I have to disagree here. IF-THEN does not separate a statement into two independent phrases (that's what AND and OR do). IF-THEN makes one statement dependent on the other.

The solution is indeterminate:
For an Honestant to say "If my wife is an Honestant, then I am a Swindlecat" is a perfectly valid statement and indicates that there are no male Honestants with Honestant wives. It would be like me truthfully saying "If you are the king of Atlantis then I'm the Prince of the Moon!". I am not lying.

For a Swindlecat to say "If my wife is an Honestant, then I am a Swindlecat" is a perfectly valid statement also. It indicates that there are Honestants men who have married Honestant women, and others that have married Swindlecats, and that you can't tell that a husband is Swindlecat by knowing if his wife is or isn't. It is like my saying "If my wife has red hair, then I have brown". It is a lie because my wife's hair colour does not determine mine. It would only be impossible for me (a Swindlecat) to say this if there was some factor that meant that no redheaded women were married to brunettes. Or, as I just explained it to my brother, the statement "If you're name is Ian, then my name is Clive" is a lie (even though his name is Ian and mine is Clive). His name being Ian does not make my name Clive - my name could be John, or Barry. The IF-THEN relationship if false and makes the statement a lie.

Therefore, both an Honestant and a Swindlecat can make the statement and not break the rules. Without further information, we cannot tell which they are.

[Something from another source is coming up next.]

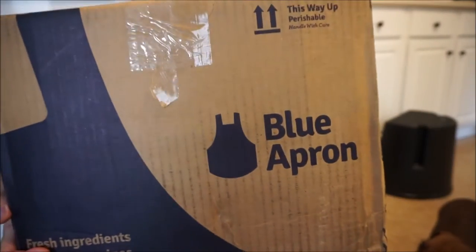So this is the box. It's pretty heavy. It is a delivery service that sends pre-portioned meals to your home weekly, and you can pick between a two-person or four-to-six family meal plan. The box that I got today was a two-person meal plan.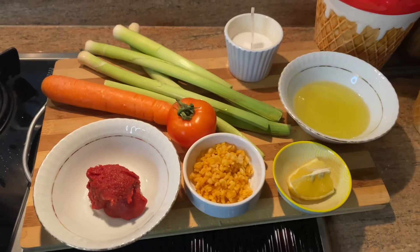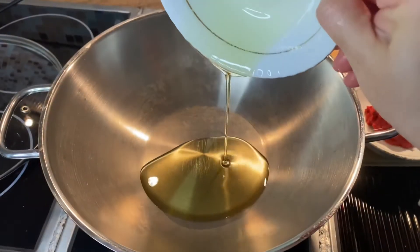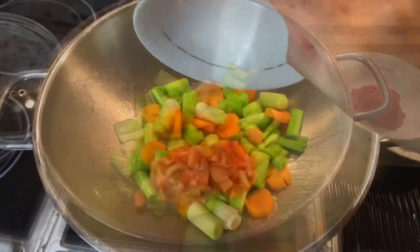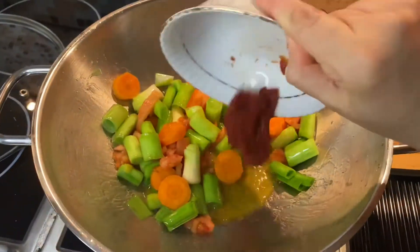First wash the vegetables and chop them. Add olive oil, then add leek, add carrot, add grated tomatoes and tomato paste.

edit - oops, sorry for the double post - it was meant to be an edit, but I must have hit quote.

[geekmanager]

Hee hee, just for fun...

I just realized though, why neither of them are swindlecants, (besides my third answer) When the two get married, only honestants would be able to say "I do" when the priest asks them if they take the other to be their lawfully wedded wife/husband

But, I think, in a society composed of honestants and swindlecants the priest would ask the classic question, "What would your fiance' say you would say if I asked you the question: Do you take your fiance' to be your lawfully wedded mate?". Where upon the priest would assume the opposite to be the real truth. So either of them could be honestant or swindlecant by that test.

[catfishrob]

Here's the classical form:
A: I am a swindlecant
B: My wife is an honestant
X="If B, then A"
If A, then not X
If not X, then (if B, then not A)
---------
If A then (if B then not A)
If B then (if A then not A) - Reductio ad absurdum
---------
Not B
If not B then not A (This is the only way to reduce it, except it's a fallacy)
---------
Not A + B

So, Husband is honestant and wife is swindlecant, according to this logic. But since you have to use a fallacy to get the answer, I conclude that there is no solution. We know that the wife is a swindlecant, but we cannot deduce whether the husband is a honestant or not, because, unfortunately he says nothing of the conditions in the case of his wife being a swindlecant. (ie, you can't assume this: if someone receives ten presents on their birthday they will be happy, but they didn't receive ten presents, so they won't be happy. Maybe they had a lot of fun, although they didn't receive ten presents, so therefore were still happy.)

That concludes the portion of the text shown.